When the Clock Chimes
By Ann Ingalls
Kansas City, Missouri
It was a good thing Grandma Vanderwerp didn’t live very far away, only about 3 blocks, since my brother Tom and I needed to get away from the noisy confusion we called “home.”
Both of us were kind of quiet and born right in the middle of a large and busy family. We had six other sisters and brothers, a mom, a dad, two hamsters, two birds, a dog and, depending on the time of year, a washtub full of tadpoles waiting to become frogs.
Grandma understood about kids and frogs. She knew about tree-climbing and dress-up clothes and just about anything we had to tell, and she had an old, squatty, just-right-for-climbing cherry tree in her backyard.
Tom and I had dreams about the pies Grandma could bake from the cherries we’d pick. The trouble was, as Grandma said, “The birds have plans for those cherries, too.”
Sitting on her back porch, surrounded by Shasta daisies, we shooed those pesky birds away while we sipped ginger ale from anodized-aluminum cups Grandma reserved for our visits.
Sometimes, a little talking could persuade Grandma to let us spend the night. Sleepovers at Grandma’s were a special affair.
First, there would be a bubble bath with sweet-smelling suds, the result of the magic powders stored in apothecary jars high on a shelf in Grandma’s white-tiled bathroom.
After a soak and a scrub and a warm rub-a-dub, we crawled into the flannel PJs that Grandma kept “just in case.” We parked ourselves by Grandma’s knee sharing the needlepoint footstool that doubled as a doll bed when upturned.
Grandma read short stories from her large-type copies of Reader’s Digest. Sometimes, she would cry if the stories were sad, but mainly she would read humorous anecdotes and would throw back her lovely white hair and laugh.

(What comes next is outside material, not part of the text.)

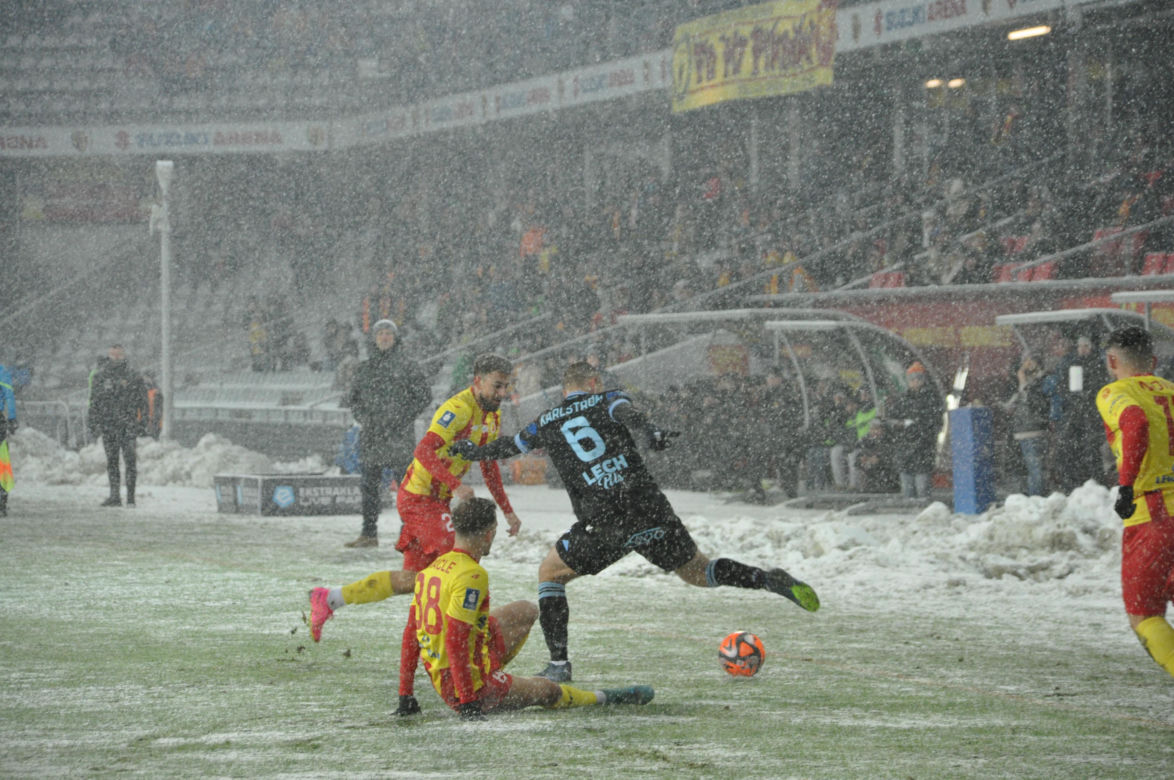 Korona Kielce - Lech Poznań. Zdjęcia z meczu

Soon, we’d be laughing, too.
Then we’d talk for awhile, each of us hanging onto one of her prominently veined and wrinkled hands. We’d ask questions like, “Why do your veins stick out, Grandma?”, “Were you sad when Grandpa died?” and “Just what kind of a little boy was Daddy?”

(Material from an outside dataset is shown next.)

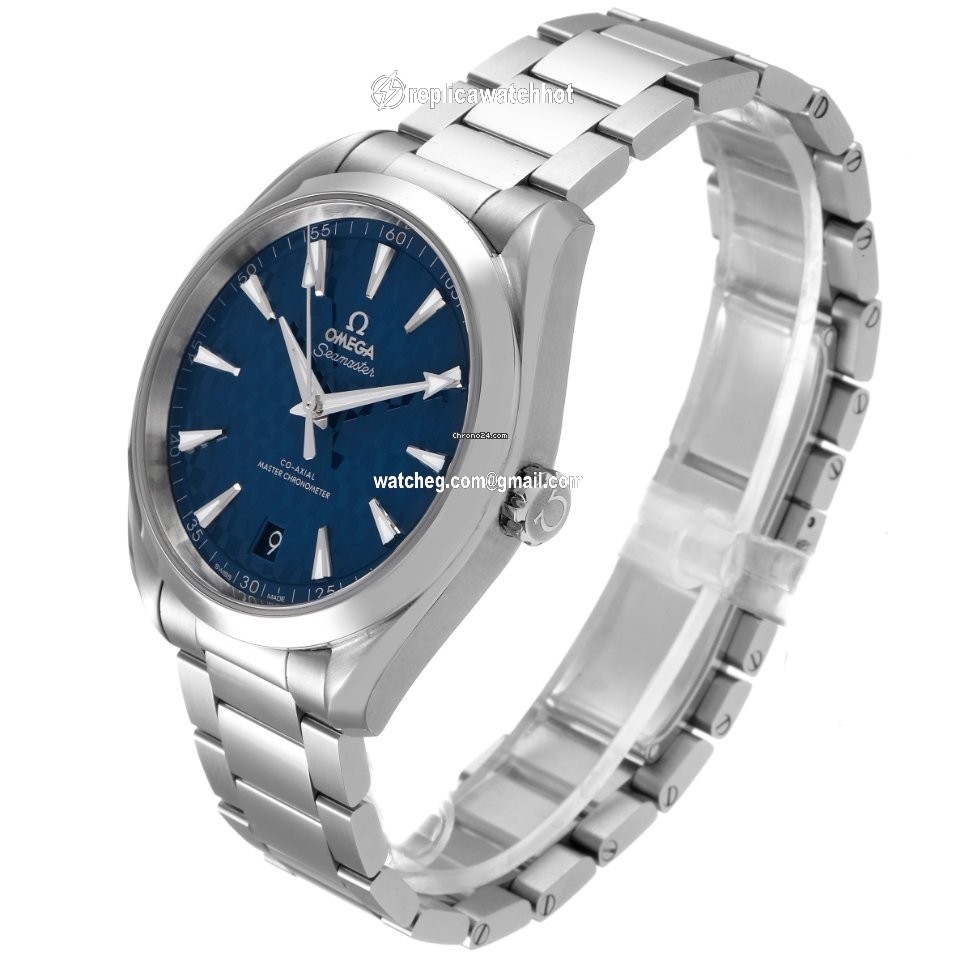 Omega Seamaster Aqua Terra Mens watch Unisex Automatic Steel 522.12.41.21.03.001 4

All the while, Grandma’s clock ticked away the time and Westminster chimes reminded us of each quarter hour.
Grandma often asked, “What does the clock say to you, little Ann?” Depending on my frame of mind, its message would vary. Once, when I had stayed a week and was an especially homesick 5-year-old, the clock said, “I’m sad because I miss Mama.” Grandma responded, “Well, climb on my lap, and we’ll think about her together.”
A brass fire screen with a fierce dragon, its tail arched and swirled to show its authority, stood before Grandma’s black, marble-faced hearth. It was rumored within our family to have been gold-plated at one time and to have belonged to Marie Antoinette, a famous French queen. Grandpa had acquired it from an antique shop in New Orleans for 50¢ in the early 1920s, shortly after he and Grandma were married.
At some point, the dealer realized what he had sold and tried to buy it back for a lot of money, but Grandma would have none of that. By that time, the dragon had become the backdrop for so many family pictures.
Eventually, Tom and I would start to yawn, signaling that bedtime had arrived. Up the double flight of stairs we’d tread to a room filled with contradictions—disconcerting in some ways, yet cozy and comforting in others.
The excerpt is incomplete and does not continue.